Description of the task >> Return the data below exactly, but only from the line containing "Sismplly Wingback Upholstered" through the line containing "R Outdoor camping", with both of those lines included.

Supplied material >>
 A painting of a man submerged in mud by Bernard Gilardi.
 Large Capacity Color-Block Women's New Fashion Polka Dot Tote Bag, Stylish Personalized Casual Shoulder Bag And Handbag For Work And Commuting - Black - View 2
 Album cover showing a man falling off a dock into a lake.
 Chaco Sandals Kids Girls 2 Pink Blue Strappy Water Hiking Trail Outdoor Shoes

---

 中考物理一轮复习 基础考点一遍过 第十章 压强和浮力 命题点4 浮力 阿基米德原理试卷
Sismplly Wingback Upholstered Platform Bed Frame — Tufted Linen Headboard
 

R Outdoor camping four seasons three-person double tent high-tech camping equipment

* * *

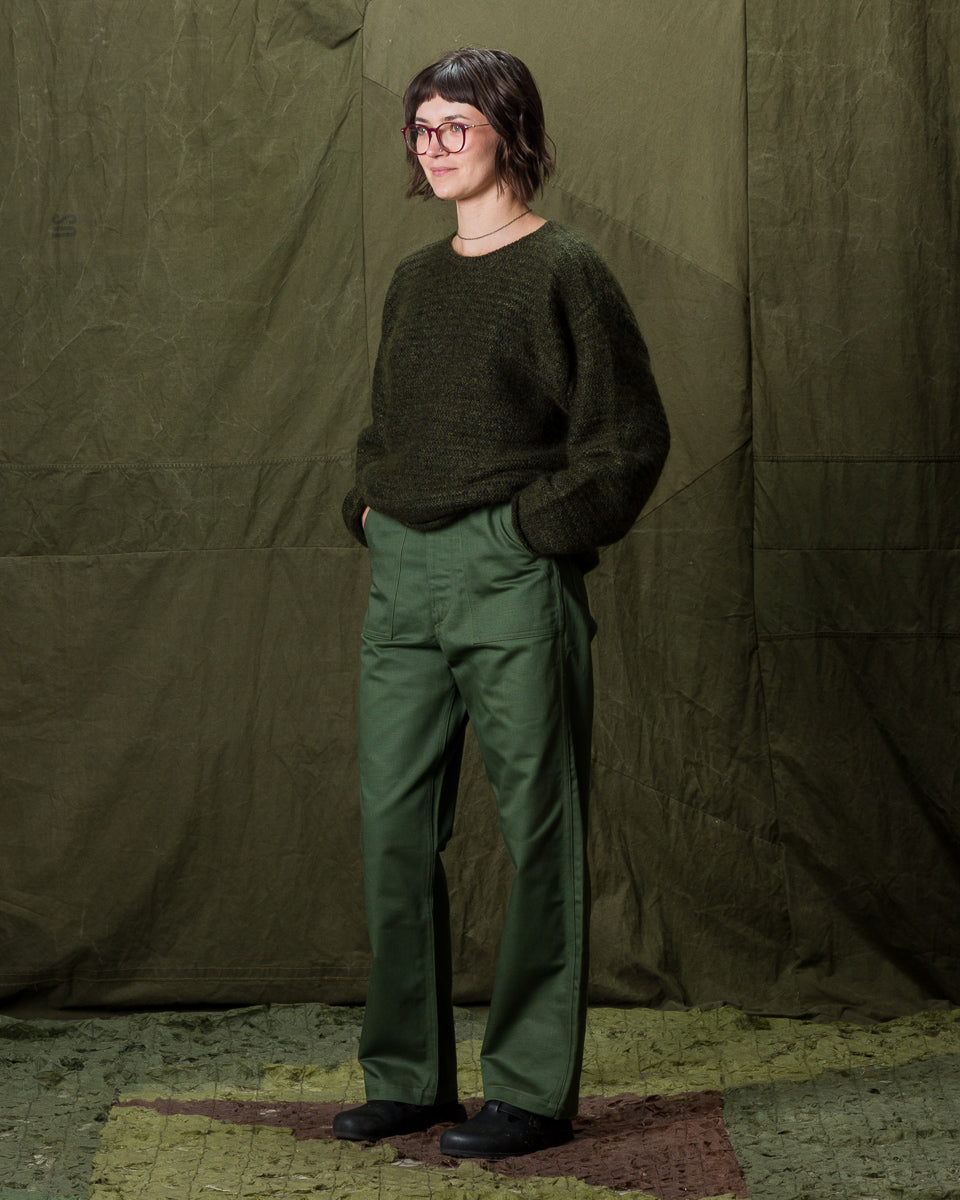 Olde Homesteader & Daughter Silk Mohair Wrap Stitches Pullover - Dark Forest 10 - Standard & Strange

Answer space >>
Sismplly Wingback Upholstered Platform Bed Frame — Tufted Linen Headboard
 

R Outdoor camping four seasons three-person double tent high-tech camping equipment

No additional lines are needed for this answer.